When we request data from the remote server, it will be sent chunk-by-chunk, compressed, which increases transfer speeds significantly (by the same factor as the compression ratio), which in this case is:

In [None]:
print(f'cratio of arr1: {round(blosc_arr1.meta["schunk"]["cratio"],2)}x')
print(f'cratio of arr2: {round(blosc_arr2.meta["schunk"]["cratio"],2)}x')


**EXERCISE**:

a) Print out the shapes of the datasets and calculate their size (in MB). You will find that ``arr.schunk.nbytes`` does not work, since the variable is not a Blosc2 NDArray. Instead find the correct entry in the ``arr.meta["schunk"]`` dict. What class is are the arrays instances of? Why is it that opening the remote dataset uses no memory when the dataset is so large?

b) You should find that the remote access to the dataset has returned a ``C2Array`` object, which is a (memory-light) pointer to the remote dataset. Try and get a slice of ``blosc_arr2`` `blosc_arr2[1, :1000, :1000]`, and print out its type. Profile the time and memory consumption of this operation, and compare it to the time and memory consumption of opening the remote dataset.

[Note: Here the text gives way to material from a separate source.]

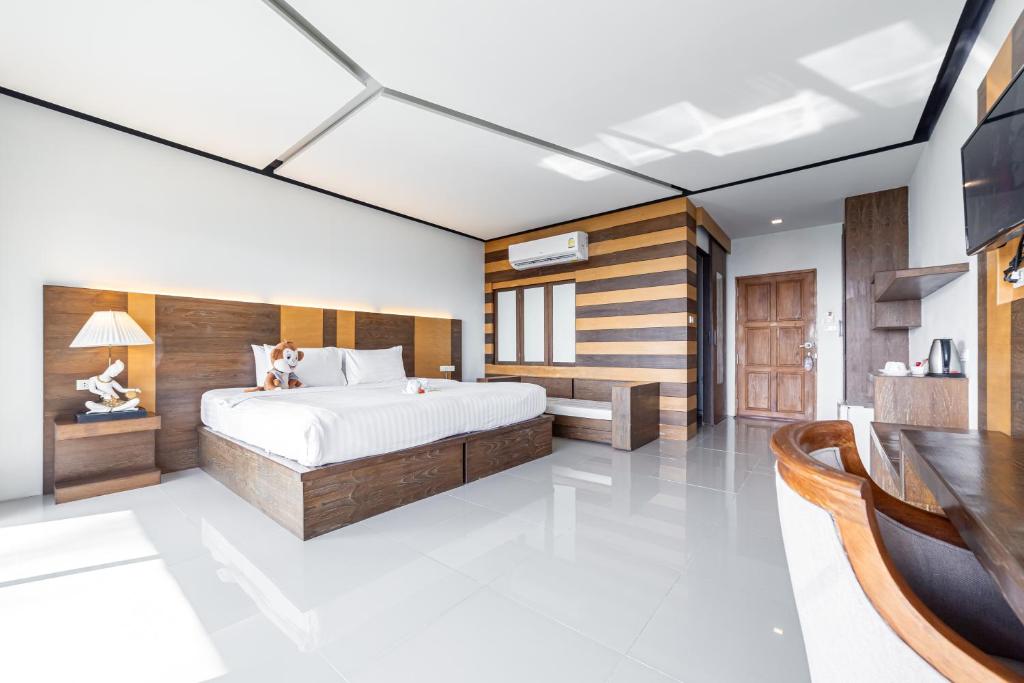 Secret Cliff Resort & Restaurant - SHA Plus, Karon pláž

c) Recalling the string-based lazy expression constructor from the previous tutorial, we can define a lazy expression which calculates some complicated expression. Execute it via ``[:]``, returning a NumPy array. Profile the time and memory usage for the operation. You can use ``%memit`` or ``getmem()`` as you prefer. You can also check what happens when you only compute a small slice of the result (is it any faster? how much memory is used?).

In [None]:
# a) Calculate the shape and nbytes of the datasets, and print out the type of blosc_arr1
#
## YOUR CODE HERE
#

# b) Get a slice of blosc_arr1, print out its type, and profile time and memory consumption
m0 = getmem()
t0 = time.time()
#
##YOUR CODE HERE
#
print("Time to open slice of remote dataset 1:", time.time() - t0, 's')
print("Memory usage after opening slice of remote dataset 1:", getmem() - m0, "MB")


# c) Define a simple lazy expression using blosc_arr1, blosc_arr2 and compute it
expr = 'mean(sin(arr1) + 2 * exp(arr2 + 1), axis = 1)'
lexpr = blosc2.lazyexpr(expr, operands={'arr1':blosc_arr1, 'arr2':blosc_arr2})
#
## YOUR CODE HERE
#
del result

### Caterva2 approach: more flexible, allowing remote management in the server

Using blosc2 we thus can access remote datasets and download necessary slices. However, in order to do computations, we must download data to the local machine and compute with it, which could be excessively computationally demanding. Moreover, we cannot manage do file management on the server side (move, delete, copy datasets, etc.).

These problems are solved by Caterva2, which allows us to work with remote datasets in a more flexible way, doing as much as possible on the server side, and only downloading the data we really want to consult. You can also perform all sorts of file management operations on the server side - see the [Caterva2 documentation](https://ironarray.io/caterva2-doc/tutorials/API.html).

First we set up a connection from the client (our local machine) to the server, and define a pointer to the root where our desired dataset is stored. The root is a special directory that contains all the datasets we want to work with, and it is defined by the `@` symbol followed by the name of the root (in this case, `@public`). We'll then time the process of opening the remote dataset, and check the memory usage before and after opening it.

In [None]:
client = cat2.Client(urlbase)
myroot = client.get(root)

In [None]:
m0 = getmem()
t0 = time.time()
cat2_arr1 = myroot[dataset1]
print("Time to open remote dataset 1:", time.time() - t0, 's')
print("Memory usage after opening remote dataset 1:", getmem() - m0, "MB")

m0 = getmem()
t0 = time.time()
cat2_arr2 = myroot[dataset2]
print("Time to open remote dataset 2:", time.time() - t0, 's')
print("Memory usage after opening remote dataset 2:", getmem() - m0, "MB")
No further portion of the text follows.